I have a few questions on how to best behave to be as welcoming and inclusive as possible without sounding bad. I hope you guys don’t hate me.
I’m just a straight male. Are my pronouns he/him? Is that how I should tell people? Do you actually tell them as you meet them ? Do I have to wait for a certain social cue ?
How about online. Should I tell people or have it on my personal profile somewhere?
And about respecting other people’s pronouns. How do i figure them out ? Is it a big faux pas if I don’t before I know them ? Is it a faux pas if I refer to someone I just met and I assumed to be male as he/him?
I’ve never seen anyone referring to anyone irl by non conventional pronouns. Is it an actual thing or is it currently being pushed to make the world a more inclusive place?
I’d love some help with all of this.
Probably. Straight is the wrong word here - that refers to your sexuality, not your gender identity. A straight male is into women. But a straight male could also have pronouns other than he/him. Usually, a cisgender male uses he/him pronouns, but not always. Cisgender is a word that means that your gender identity matches your assigned gender at birth - e.g. not transgender
Yes, the best way to do it is part of your introductions, like, “Hi, I’m Blake, my pronouns are he him”. Usually people don’t “say” the slash, it’s just a space, but you can say it if you want.
It’s up to you. If I am meeting someone 1:1 for the first time, I probably wouldn’t unless they did first. I always do it when I’m introducing myself to a group.
The only social cue is simply, “what are your pronouns?”. Ideally, we (cisgender folk) should be trying to make it easier for transgender/non-binary people by sharing our pronouns, even if they would be obvious to most people - I’m a hairy, 6’4” bear, most people can tell I identify as male, but if I say my pronouns are he/him or any/all pronouns (I don’t mind which pronouns people use for me) it makes it less awkward for trans people or gender non-conforming (GNC) folk to do so.

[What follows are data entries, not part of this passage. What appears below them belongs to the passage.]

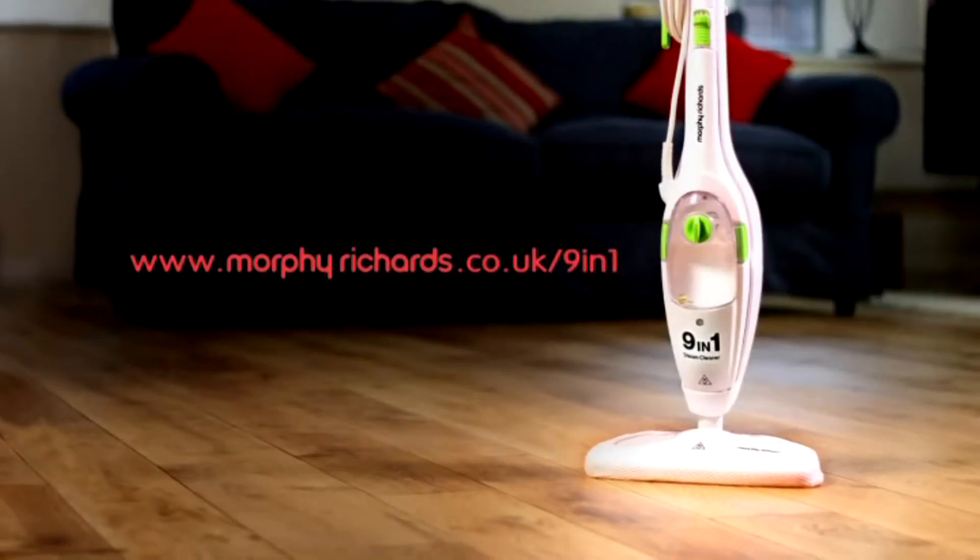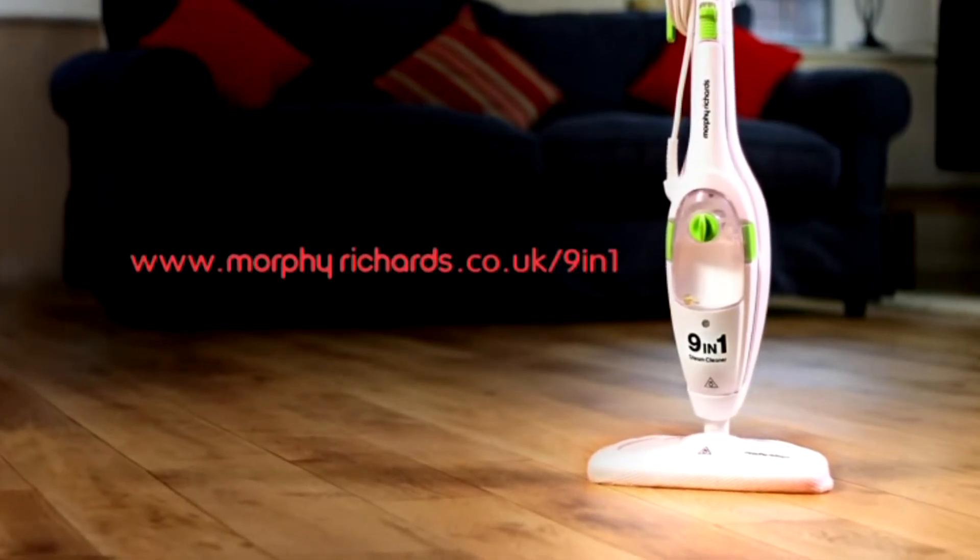An ideal choice for all your steam cleaning needs. Discover more at morphyrichards.co.uk/9-in-1.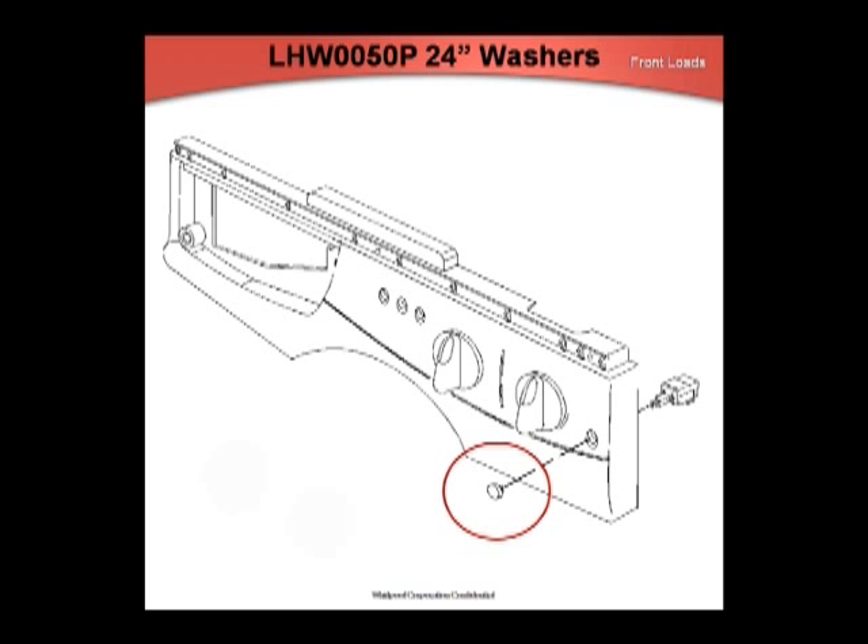On the LHW-0050P, the on/off button may go too far onto the on/off switch, allowing it to bottom out on the control panel before the switch is fully activated. Add shim material to the shaft of the button to keep it from bottoming out on the control panel.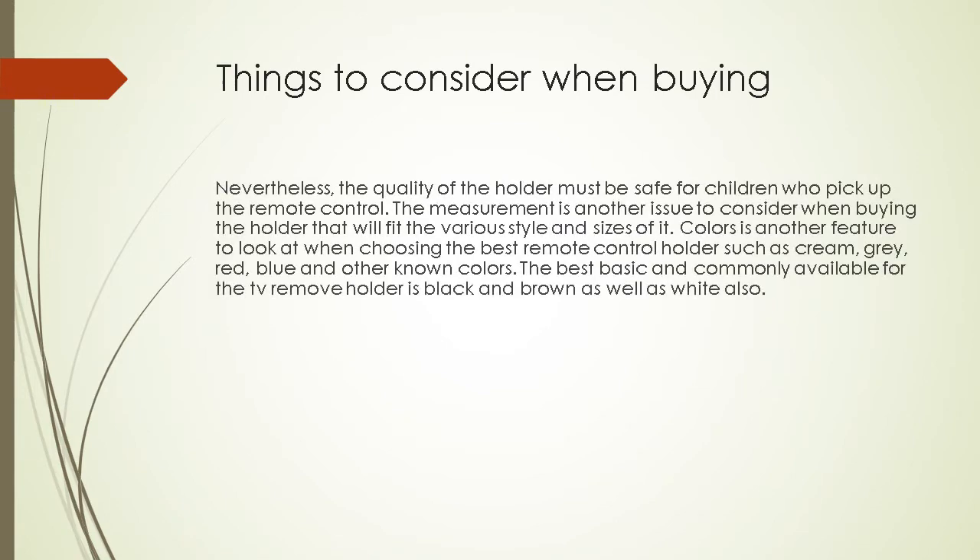The quality of the holder must be safe for children to pick up the remote control. Measurement is another issue to consider when buying, to ensure it fits various styles and sizes. Color is another feature to look at when choosing the best remote control holder, such as cream, gray, red, blue, and other known colors. The most basic and commonly available colors for a TV remote holder are black and brown, as well as white.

It’s up to you, nobody will expect it from you - it’s personal information after all. If you’re comfortable sharing it, then you can put it anywhere you like, including on your profile, or you can share at the point it becomes relevant.
Either they tell you, or you ask them! It’s better if you avoid trying to guess. If you need to use a pronoun and you haven’t been told them, go with they/them.
Nope, not at all! No one is expecting you to know their pronouns before they tell you, or you ask.
Usually not - most of the time, you probably can guess from gender expression, and you wouldn’t cause any offence. If there is even 1% doubt in your mind though, you should definitely just ask. Even if you’re 99.99% or even 100% sure, it’s good to ask anyways. The more we normalise people asking and sharing pronouns, the less awkward it becomes for everyone!
In my experience, it’s pretty uncommon, but it does exist. Usually they’re used by people who don’t really feel comfortable identifying as exclusively male or exclusively female, or by people who want to subvert or oppose the usual gender binary.
Hope this helps, thanks for being open with your questions and for trying to make the world a better place! If you have any other questions just ask.